Today, on International Peace Day, I am also commemorating my Rebirthday. Eighteen years ago, I faced extreme evil, and my life in America changed forever. I vowed not to define myself by that act of horror, but to respond by making a difference and helping others.
Though not in Manhattan or Washington D.C., I am a victim, and a survivor of the terror that reigned down upon our country on Sep 11, 2001. My attacker, who shot me in the face and killed two others, blamed me and my kind for 9/11, and said America was no place for Muslims,… until he learned about the international campaign I was leading to try and save his life from Texas death row. He hated me when he didn’t know me, but in the end called me, brother; and said he loved me before he was executed. His last words were “Hate has to stop. Hate causes a life time of pain.” Today, I see the reflection of his pain everywhere.
It is time for us all to admit where we are heading as a country, and as the human race. Hate crimes, gun violence, anti-immigrant rhetoric…extremism of all kinds are on the rise. Though we vowed, “never again” long ago, it appears we haven’t learned anything from history. The war on terror has caused and produced more terror, providing excuses for far too many to label people we don’t know as a threat, making it easy to persecute, suppress, and treat fellow humans as lesser than. We spend billions searching for life in space, but lives on earth continue being destroyed by unnecessary, unjust wars, violence, hunger, and disease. When millions of people dream of having access to clean water, or a roof over their head, desperate to live life with dignity, we spend even more in the arms trade and on new technology to control and kill.

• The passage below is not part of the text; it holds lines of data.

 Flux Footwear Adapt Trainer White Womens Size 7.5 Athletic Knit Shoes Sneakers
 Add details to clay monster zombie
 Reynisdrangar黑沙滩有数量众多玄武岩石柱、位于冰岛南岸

All mothers hope to see their children flourish in a safe, loving and kind world. What can we do to save humanity and restore the world? Building peace is the answer. Peace begins within each of us, in our hearts & minds, at home first. We need to teach our children, and remind one another, to respect everyone equally, as human first, regardless of our differences. You may not like me or become my friend, but you can respect me as you want to be respected. No one is born to hate or to be violent. People are either taught to hate or go through challenges in their lives desensitizing them to others’ right to life, liberty, freedom, and happiness. That’s why we must teach our children kindness, compassion, empathy, and forgiveness before they are exposed to racism, intolerance, hate and violence.

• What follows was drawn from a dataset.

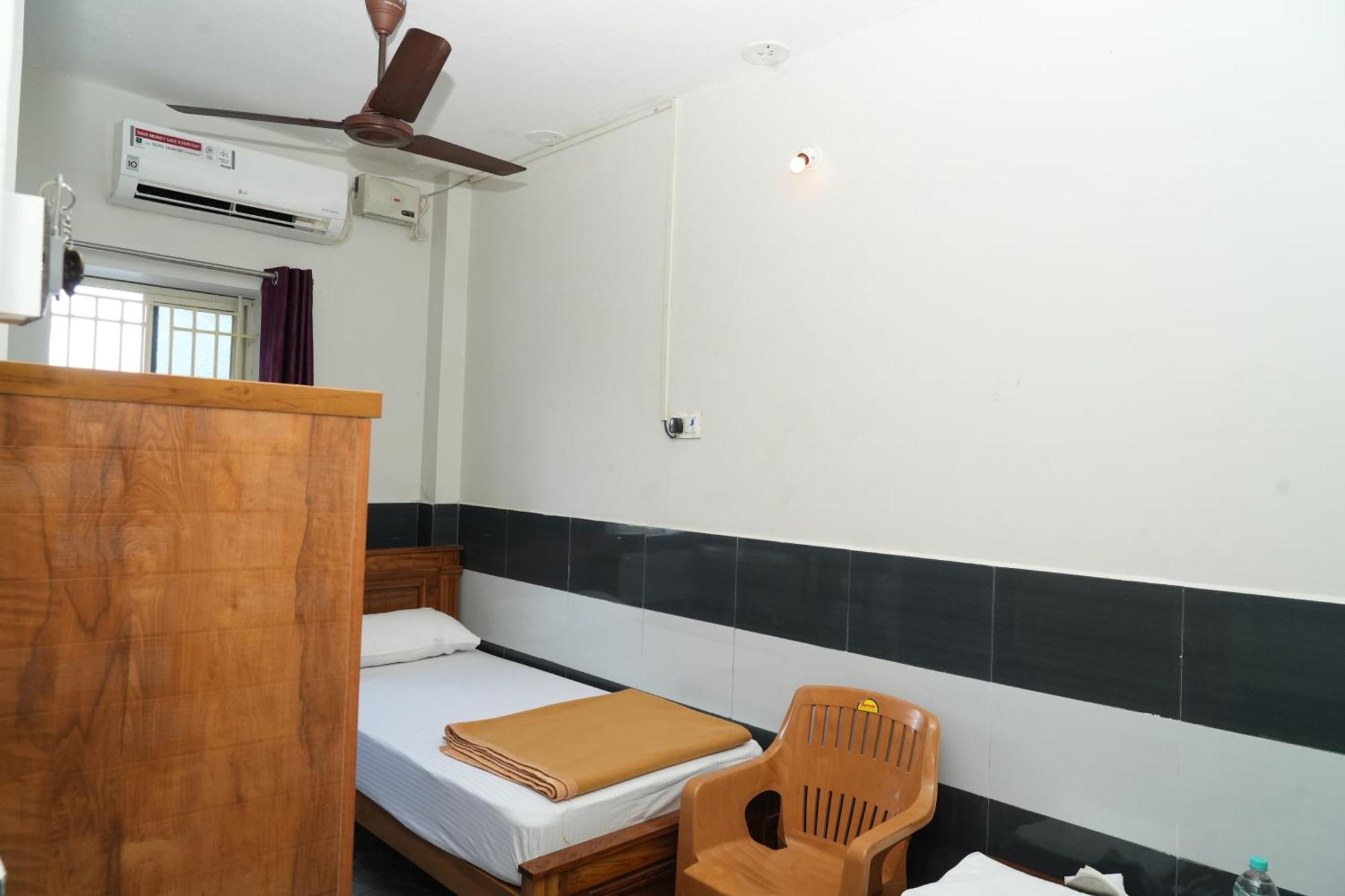 Rajali Residency Otel Kulithalai Dış mekan fotoğraf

The lessons I’ve learned from my traumatic experience, and the painful journey I’ve taken, moved me from a place of pain on the deepest level, to a place of peace and hope for a kinder, just, and more accepting world. There is not a single day that goes by that I am not reminded of and impacted by my brutal attack, but I continue to make peace with my pain.
Today, as a human rights advocate, peace activist, non-profit leader, and motivational speaker, I have the opportunity to try and combat the hate and violence that has plagued our country, our world for far too long. I founded the organization, World Without Hate, with the hope we might all build bridges among one another, as opposed to walls; that through our powerful human attributes of forgiveness, empathy, and acceptance, we can begin to see how much more we have in common than that which seems to divide us.
On this international day of Peace, and my 18th rebirthday, I urge you to join me, pledging to proactively denounce ignorance, intolerance, and hate, treating all people equally, as humans first, regardless of our visible or invisible diversity. Let’s change the world by changing stereotypes and divisive rhetoric, channeling our actions through empathy, understanding, and acceptance. Let’s create the world we all deserve, a world without violence, a world without victims and a world without hate for all.